The final two paragraphs of Joyas Voladoras are what cement Doyles intentions for this essay; by changing his pace, Brian Doyle hammers home his central idea. In the penultimate paragraph, he explains that every living thing as a “liquid interior,” this differing from being to being, but for the most part that would be our blood, and the thing that keeps that blood pumping? The heart. Doyle’s writings seem to revolve around the heart and its significance to our lives. Doyle describes bricking up “your heart as stout and tight and hard and cold and impregnable as you possibly can” As he lists all of the many ways in which those walls can fall, he explains that no matter how closed off you try to stay, someone or something will eventually penetrate the even the most impenetrable walls and tear them down. Doyle deals with how flimsy life is. This is so easily seen in the ending of this essay, each paragraph in it has a similar ending, a long sentence, then a few short ones or short phrases to end it. However the last paragraph, the end of the essay, ends abruptly, it feels like something else is coming, but nothing is. Doyle ends with the reminiscing on the “memory of your father’s voice early in the morning echoing from the kitchen where he is making pancakes for his children.” There are no closing remarks, it just stops. It is the perfect way to encapsulate his theme of the flimsiness of life. Life doesn’t have a nice bow at the end of it, it ends, and often it ends rather abruptly as though there was more left to be said.

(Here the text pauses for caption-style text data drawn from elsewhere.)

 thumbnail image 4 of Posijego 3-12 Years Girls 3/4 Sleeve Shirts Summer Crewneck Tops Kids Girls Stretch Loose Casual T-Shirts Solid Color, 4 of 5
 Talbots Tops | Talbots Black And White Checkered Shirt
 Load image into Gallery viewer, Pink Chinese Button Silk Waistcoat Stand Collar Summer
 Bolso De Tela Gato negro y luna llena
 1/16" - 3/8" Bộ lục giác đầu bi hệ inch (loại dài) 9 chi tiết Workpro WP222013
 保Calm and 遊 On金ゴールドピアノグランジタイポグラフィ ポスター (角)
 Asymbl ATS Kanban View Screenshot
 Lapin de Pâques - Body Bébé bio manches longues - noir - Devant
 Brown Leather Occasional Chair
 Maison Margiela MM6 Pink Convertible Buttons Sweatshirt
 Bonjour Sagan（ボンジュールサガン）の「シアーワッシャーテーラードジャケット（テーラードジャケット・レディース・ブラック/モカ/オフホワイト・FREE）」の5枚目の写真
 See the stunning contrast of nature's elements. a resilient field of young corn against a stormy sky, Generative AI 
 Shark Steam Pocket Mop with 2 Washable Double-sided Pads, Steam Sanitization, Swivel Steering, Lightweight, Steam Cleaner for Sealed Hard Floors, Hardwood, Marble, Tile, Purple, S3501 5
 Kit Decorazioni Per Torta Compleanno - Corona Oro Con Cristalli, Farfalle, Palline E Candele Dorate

In Joyas Voladoras, Doyle uses the tool of pace to create a piece of literature that masquerades as an ode to the wonders of the heart. However, beneath that facade it tackles a more significant subject matter, one that is not unique to just his writings, but that he manages to conceal within this essay. Through pace, he guides the reader to find this meaning by leaving a breadcrumb trail of pace. By controlling the speed, Brian Doyle manages to lead the reader to the true meaning of his essay in the same way that a horse is led to water. However, it is up to the reader to drink. The message Doyle gives the world is that life ends, it does not last, and that is what gives it beauty. It is that beauty that led the first white explorers to declare that hummingbirds were flying jewels, that beauty comes from the acknowledgement that life is ultimately temporary. Doyle uses pace to lead all those who intently read to that conclusion. Doyle’s masterpiece is not in his words but in his ability to dictate how his audience reads those words. That is the true crowning jewel of Joyas Voladoras.